As the relationship between the diameter of the femoral head and dislocation rate clarified, large-diameter femoral head prostheses have been increasingly used for their unique stability in THRs.  The maximization of the diameter of femoral head achieved by large-diameter metal-on-metal (L-MoM) total hip prosthesis was considered beneficial to elderly patients, especially for those with weak muscle strength and poor mobilization status for its better stability and low incidence of early dislocations and revisions, while allowing early functional rehabilitation.
We retrospectively studied a group of patients with Parkinson's disease and poliomyelitis who sustained femoral neck fractures and were treated by total hip arthroplasty using an L-MoM prosthesis.
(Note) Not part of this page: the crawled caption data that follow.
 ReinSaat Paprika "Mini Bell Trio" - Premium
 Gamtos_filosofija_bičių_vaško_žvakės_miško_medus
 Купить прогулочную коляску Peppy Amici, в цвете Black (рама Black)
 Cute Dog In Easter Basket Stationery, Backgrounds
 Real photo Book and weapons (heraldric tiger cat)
Is this technique suitable for these special patients? Currently no relevant report has been published concerning the use of L-MoM THR for femoral neck fracture in patients with Parkinson's disease or poliomyelitis. Thus, we compared the clinical and radiographic results after L-MoM THR in these patients with other surgical options.
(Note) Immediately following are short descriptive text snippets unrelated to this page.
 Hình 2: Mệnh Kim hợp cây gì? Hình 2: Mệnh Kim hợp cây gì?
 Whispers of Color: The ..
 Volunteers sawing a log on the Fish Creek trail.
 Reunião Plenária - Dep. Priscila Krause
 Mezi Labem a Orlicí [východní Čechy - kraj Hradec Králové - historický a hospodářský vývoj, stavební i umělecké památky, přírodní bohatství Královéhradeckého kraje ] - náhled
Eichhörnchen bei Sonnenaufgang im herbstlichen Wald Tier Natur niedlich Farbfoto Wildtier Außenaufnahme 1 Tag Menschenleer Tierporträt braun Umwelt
| Materials and Methods|| |
12 hips in 12 patients who underwent large MoM THRs for femoral neck fractures with either Parkinsons disease or poliomyelitis, between May 2007 and October 2009, constituted this retrospective study. Patients' demographic data were collected before surgery, including age, sex, weight, height, body mass index, diagnosis necessitating surgery and muscle strength of the affected limbs before fracture [Table 1]. There were 8 patients with Parkinsons disease and 4 patients with piliomyelitis. Patients' muscle strength could be found from their most recent clinical record. All patients were monitored, with the average followup period being 5.0 years (range, 3.6-6.0 years). Preoperative evaluation included obtaining a plain radiograph of the pelvis as well as anteroposterior views of the involved hip.
All patients were given broad-spectrum antibiotics on the day of surgery which were continued for 24 h after surgery. One 100-mg indomethacin suppository was given each night for three nights and then an oral dose of 100 mg a day was given with mucoprotection, up to the 14 th day after surgery. All patients received prophylactic anticoagulants via once-daily administration of low-molecular-weight heparin.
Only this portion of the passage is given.